The developer has evolved its product type as residents’ tastes have changed, he added. More recently, renters have sought somewhat larger, duplex-style units in exchange for slightly smaller amenity spaces.

“People are coming out of bigger homes, so they don’t want to go into a multifamily unit,” Troy said. “They still need basements, they need two-car garages, and you’re starting to see that with some of the other competitors in our marketplace that are offering similar product.”

Additionally, Sharbell has major projects in development in Montgomery, where it’s redeveloping a 60-year-old former corporate campus within the township’s Skillman section. Plans for Montgomery Crossing call for 107 luxury townhomes and 40 condominiums within one building, along with an 86-unit affordable housing property built by PIHRL, all within walking distance of the township’s downtown core.
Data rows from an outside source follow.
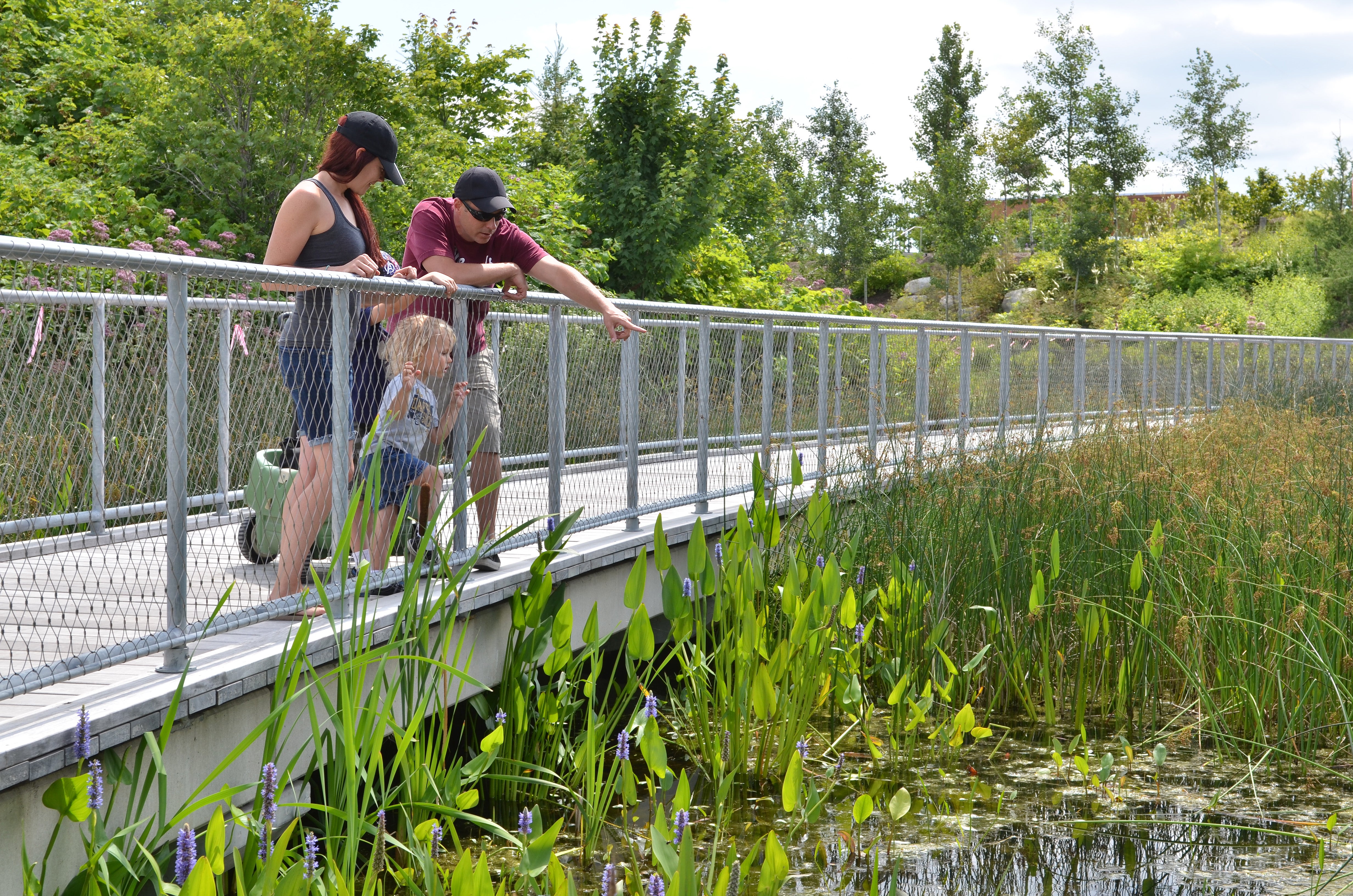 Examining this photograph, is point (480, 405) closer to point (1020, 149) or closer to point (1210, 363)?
point (1210, 363)

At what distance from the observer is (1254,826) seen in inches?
150

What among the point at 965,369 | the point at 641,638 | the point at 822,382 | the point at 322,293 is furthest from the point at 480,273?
the point at 965,369

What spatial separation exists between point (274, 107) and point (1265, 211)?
47.9 m

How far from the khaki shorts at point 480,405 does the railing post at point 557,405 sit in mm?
446

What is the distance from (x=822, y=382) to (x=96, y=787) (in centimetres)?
553

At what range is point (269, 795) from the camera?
2439 mm

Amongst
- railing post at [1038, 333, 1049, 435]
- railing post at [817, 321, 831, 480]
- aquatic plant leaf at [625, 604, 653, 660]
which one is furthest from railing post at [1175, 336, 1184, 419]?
aquatic plant leaf at [625, 604, 653, 660]

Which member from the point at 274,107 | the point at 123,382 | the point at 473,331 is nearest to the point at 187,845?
the point at 123,382

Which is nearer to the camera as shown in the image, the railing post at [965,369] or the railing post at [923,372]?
the railing post at [923,372]

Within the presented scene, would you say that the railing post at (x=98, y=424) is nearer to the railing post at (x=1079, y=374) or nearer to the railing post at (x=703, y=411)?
the railing post at (x=703, y=411)

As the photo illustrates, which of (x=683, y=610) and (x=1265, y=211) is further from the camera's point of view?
(x=1265, y=211)

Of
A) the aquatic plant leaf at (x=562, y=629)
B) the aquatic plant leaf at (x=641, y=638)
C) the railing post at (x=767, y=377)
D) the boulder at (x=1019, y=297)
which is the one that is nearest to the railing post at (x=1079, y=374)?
the railing post at (x=767, y=377)

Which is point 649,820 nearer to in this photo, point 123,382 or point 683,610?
point 683,610

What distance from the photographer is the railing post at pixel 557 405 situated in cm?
497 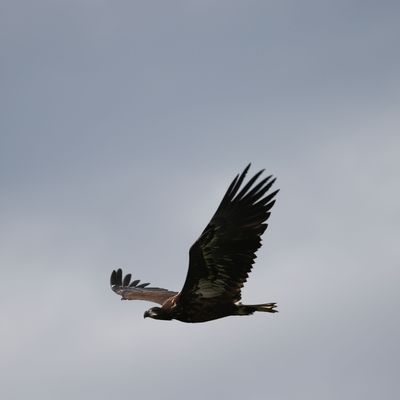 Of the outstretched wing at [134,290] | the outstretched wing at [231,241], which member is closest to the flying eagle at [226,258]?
the outstretched wing at [231,241]

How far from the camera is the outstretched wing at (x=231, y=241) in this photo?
58.3ft

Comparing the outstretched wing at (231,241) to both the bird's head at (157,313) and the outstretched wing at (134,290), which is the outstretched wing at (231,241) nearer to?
the bird's head at (157,313)

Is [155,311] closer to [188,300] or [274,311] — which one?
[188,300]

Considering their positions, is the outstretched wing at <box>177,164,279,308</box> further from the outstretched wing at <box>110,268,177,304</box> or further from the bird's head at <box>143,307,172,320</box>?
the outstretched wing at <box>110,268,177,304</box>

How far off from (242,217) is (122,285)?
938 centimetres

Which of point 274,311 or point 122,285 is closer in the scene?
point 274,311

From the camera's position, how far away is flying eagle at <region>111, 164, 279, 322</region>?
701 inches

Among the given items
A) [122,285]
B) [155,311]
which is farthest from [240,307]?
[122,285]

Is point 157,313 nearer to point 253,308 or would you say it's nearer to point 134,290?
point 253,308

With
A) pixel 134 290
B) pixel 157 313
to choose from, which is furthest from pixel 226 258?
pixel 134 290

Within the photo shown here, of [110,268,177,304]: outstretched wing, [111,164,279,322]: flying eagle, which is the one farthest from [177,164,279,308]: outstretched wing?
[110,268,177,304]: outstretched wing

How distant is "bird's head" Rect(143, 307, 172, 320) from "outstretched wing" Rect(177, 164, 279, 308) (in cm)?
112

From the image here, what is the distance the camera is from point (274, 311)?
1902 cm

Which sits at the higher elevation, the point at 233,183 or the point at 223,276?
the point at 233,183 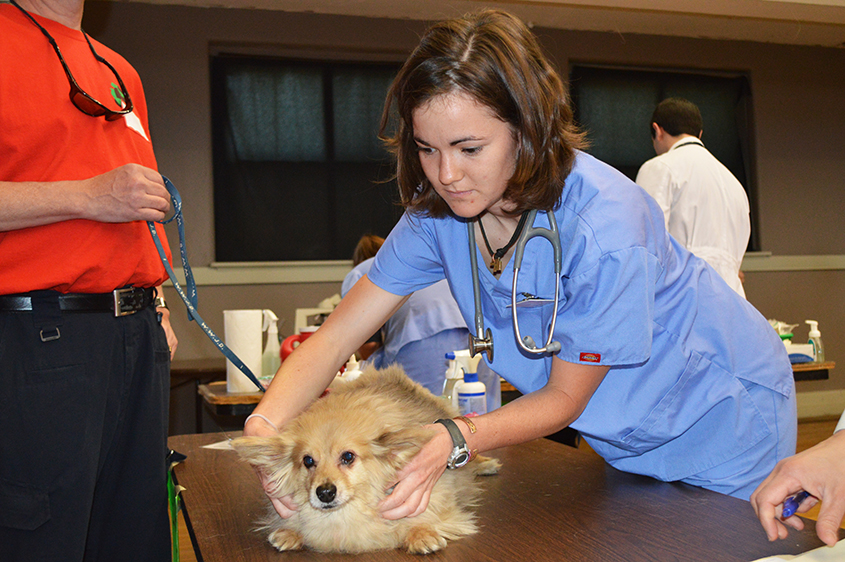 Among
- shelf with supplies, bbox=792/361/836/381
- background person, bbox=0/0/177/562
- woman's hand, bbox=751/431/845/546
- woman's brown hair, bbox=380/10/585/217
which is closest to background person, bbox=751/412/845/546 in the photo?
woman's hand, bbox=751/431/845/546

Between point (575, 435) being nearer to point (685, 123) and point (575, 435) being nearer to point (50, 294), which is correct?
point (685, 123)

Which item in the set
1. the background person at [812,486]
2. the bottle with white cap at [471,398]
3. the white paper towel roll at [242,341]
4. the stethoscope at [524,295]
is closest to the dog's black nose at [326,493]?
the stethoscope at [524,295]

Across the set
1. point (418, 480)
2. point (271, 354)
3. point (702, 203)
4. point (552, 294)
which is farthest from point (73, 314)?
point (702, 203)

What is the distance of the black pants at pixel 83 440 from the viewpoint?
4.36 ft

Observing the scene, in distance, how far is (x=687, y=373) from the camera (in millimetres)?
1250

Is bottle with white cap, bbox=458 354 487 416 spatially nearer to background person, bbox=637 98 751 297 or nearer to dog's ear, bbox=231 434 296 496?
dog's ear, bbox=231 434 296 496

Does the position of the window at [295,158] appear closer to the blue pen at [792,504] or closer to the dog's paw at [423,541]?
the dog's paw at [423,541]

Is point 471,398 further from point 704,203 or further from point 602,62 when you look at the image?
point 602,62

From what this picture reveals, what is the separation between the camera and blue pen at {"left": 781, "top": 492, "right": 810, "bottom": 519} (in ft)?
2.95

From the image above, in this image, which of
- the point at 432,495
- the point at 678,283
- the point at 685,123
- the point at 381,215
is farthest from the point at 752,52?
the point at 432,495

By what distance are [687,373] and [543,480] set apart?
1.17ft

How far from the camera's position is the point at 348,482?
3.59 ft

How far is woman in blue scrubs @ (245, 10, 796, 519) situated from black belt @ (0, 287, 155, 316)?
0.46 m

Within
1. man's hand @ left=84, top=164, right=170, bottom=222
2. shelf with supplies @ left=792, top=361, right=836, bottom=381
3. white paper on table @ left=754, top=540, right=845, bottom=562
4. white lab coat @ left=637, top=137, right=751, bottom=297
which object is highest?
white lab coat @ left=637, top=137, right=751, bottom=297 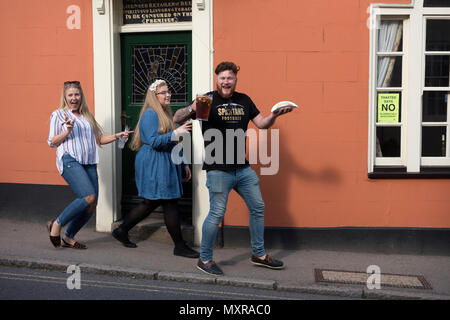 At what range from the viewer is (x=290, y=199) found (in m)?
6.04

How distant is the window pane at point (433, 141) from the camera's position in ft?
19.8

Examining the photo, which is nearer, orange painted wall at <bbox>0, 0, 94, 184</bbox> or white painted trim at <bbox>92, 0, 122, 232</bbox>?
white painted trim at <bbox>92, 0, 122, 232</bbox>

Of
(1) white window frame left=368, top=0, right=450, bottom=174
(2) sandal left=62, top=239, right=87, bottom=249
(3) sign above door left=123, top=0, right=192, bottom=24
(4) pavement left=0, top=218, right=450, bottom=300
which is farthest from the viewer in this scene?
(3) sign above door left=123, top=0, right=192, bottom=24

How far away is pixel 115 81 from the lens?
21.0 ft

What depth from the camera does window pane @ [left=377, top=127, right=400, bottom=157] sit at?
6078mm

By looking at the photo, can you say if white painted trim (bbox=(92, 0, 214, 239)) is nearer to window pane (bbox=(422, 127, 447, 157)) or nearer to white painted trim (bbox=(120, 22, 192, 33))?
white painted trim (bbox=(120, 22, 192, 33))

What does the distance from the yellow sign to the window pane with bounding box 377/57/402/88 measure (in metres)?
0.13

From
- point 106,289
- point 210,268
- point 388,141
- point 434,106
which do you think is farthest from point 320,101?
point 106,289

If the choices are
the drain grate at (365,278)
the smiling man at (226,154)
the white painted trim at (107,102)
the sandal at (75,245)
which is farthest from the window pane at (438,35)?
the sandal at (75,245)

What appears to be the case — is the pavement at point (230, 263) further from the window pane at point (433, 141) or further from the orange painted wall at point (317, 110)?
the window pane at point (433, 141)

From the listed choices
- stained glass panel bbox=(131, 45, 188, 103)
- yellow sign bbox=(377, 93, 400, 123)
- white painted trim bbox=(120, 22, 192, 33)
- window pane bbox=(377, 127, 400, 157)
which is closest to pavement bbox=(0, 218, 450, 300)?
window pane bbox=(377, 127, 400, 157)

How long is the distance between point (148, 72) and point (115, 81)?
446 mm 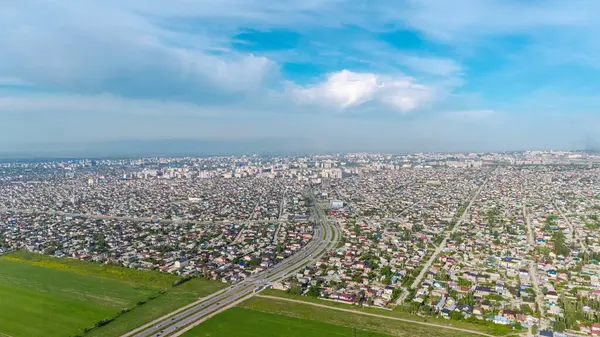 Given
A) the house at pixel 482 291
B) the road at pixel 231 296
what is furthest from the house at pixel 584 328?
the road at pixel 231 296

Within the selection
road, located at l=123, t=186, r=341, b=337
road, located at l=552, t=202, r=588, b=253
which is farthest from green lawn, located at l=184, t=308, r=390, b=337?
road, located at l=552, t=202, r=588, b=253

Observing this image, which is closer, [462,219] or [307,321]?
[307,321]

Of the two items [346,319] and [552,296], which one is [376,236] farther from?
[346,319]

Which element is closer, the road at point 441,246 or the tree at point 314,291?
the tree at point 314,291

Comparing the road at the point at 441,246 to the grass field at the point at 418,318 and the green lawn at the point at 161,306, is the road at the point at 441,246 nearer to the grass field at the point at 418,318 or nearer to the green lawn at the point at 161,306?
the grass field at the point at 418,318

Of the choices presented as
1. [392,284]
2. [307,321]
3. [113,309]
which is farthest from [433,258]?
[113,309]

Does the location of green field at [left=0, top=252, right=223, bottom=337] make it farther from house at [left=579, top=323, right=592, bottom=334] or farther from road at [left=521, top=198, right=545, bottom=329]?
house at [left=579, top=323, right=592, bottom=334]

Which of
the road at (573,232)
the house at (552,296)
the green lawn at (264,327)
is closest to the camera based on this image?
the green lawn at (264,327)

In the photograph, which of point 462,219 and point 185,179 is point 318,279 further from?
point 185,179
The PIHRL project should be completed by late 2020 or early 2021, Troy said. For its part, Sharbell is now underway with site improvements and building construction in phase one of Montgomery Crossing, with 15 sales closed as of mid-April and first unit deliveries slated for September.

Such projects are a sign that the firm is still a believer in for-sale offerings, but increasingly in the form of townhomes as opposed to single-family lots.

“Townhomes are becoming a big part of our volume,” Troy said.